WORK ORDER: Below are some records. Return exactly their lines from the one containing "Сорт Himalaya Gold fem (Green House Seeds)" through the one containing "Cyrtanthus staadensis", and drop the pictures.

MATERIAL FOR THIS TASK:
━━━

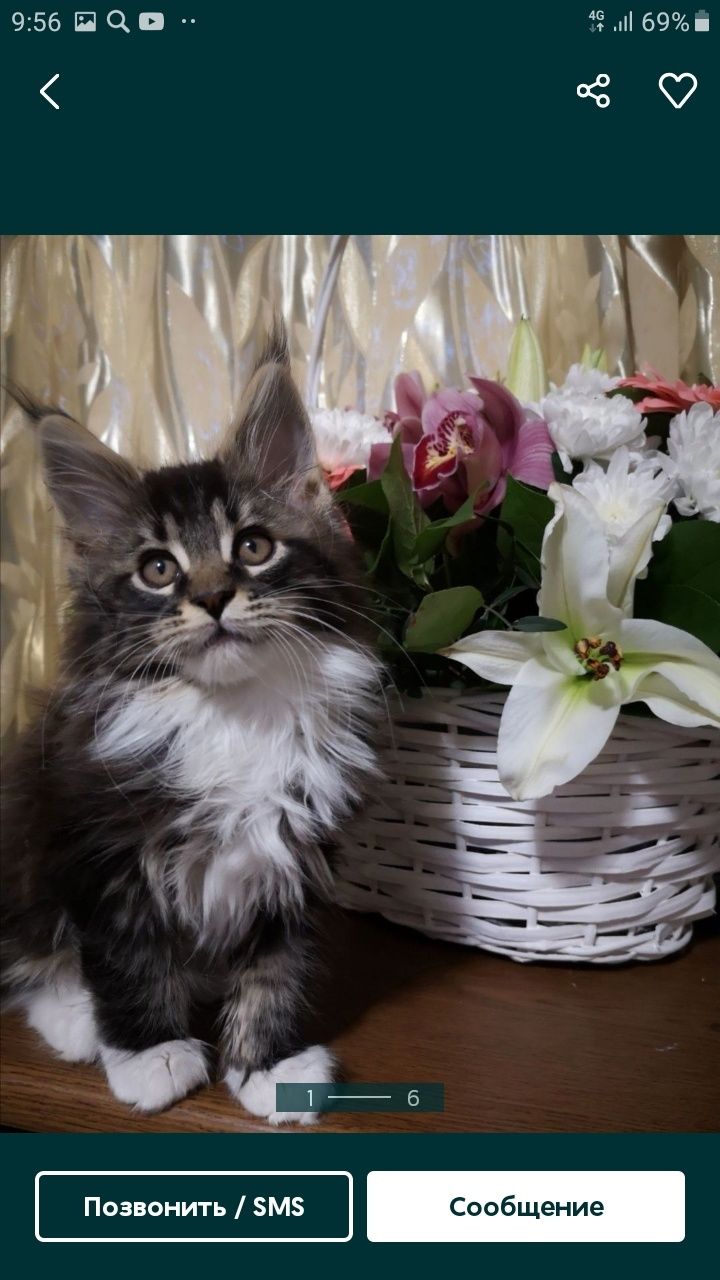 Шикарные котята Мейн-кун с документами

━━━

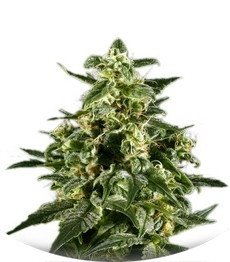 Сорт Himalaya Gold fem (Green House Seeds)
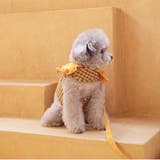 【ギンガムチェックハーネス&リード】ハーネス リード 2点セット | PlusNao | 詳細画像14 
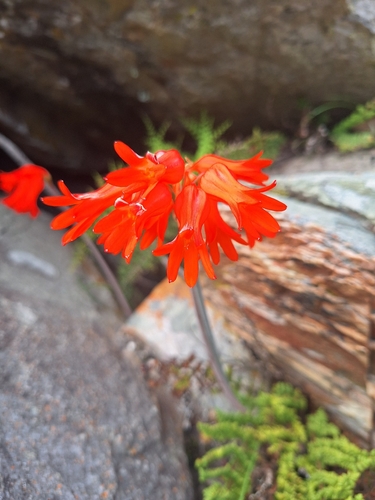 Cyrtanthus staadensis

━━━

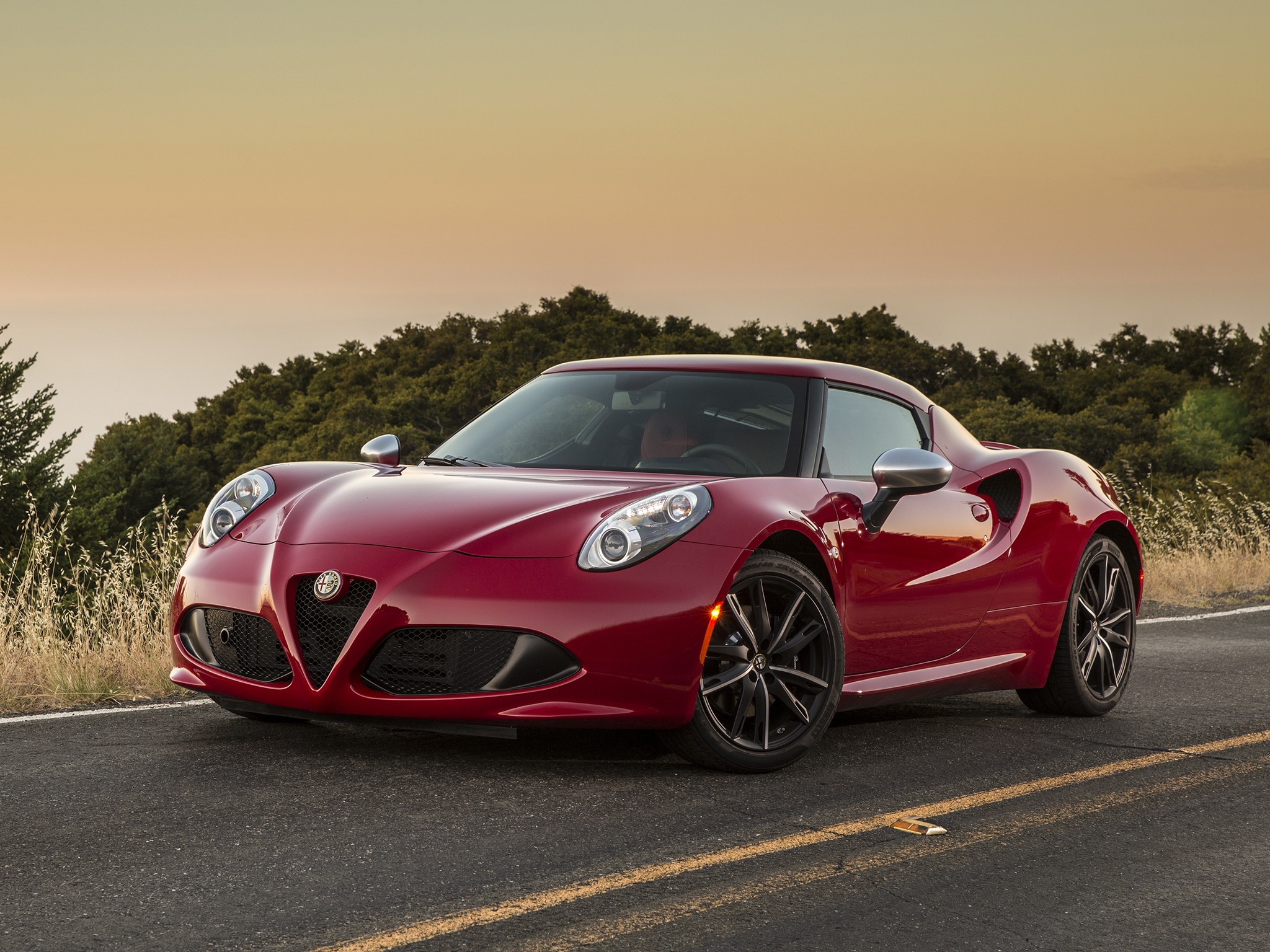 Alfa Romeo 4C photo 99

━━━

FINISHED TASK:
 Сорт Himalaya Gold fem (Green House Seeds)
 【ギンガムチェックハーネス&リード】ハーネス リード 2点セット | PlusNao | 詳細画像14 
 Cyrtanthus staadensis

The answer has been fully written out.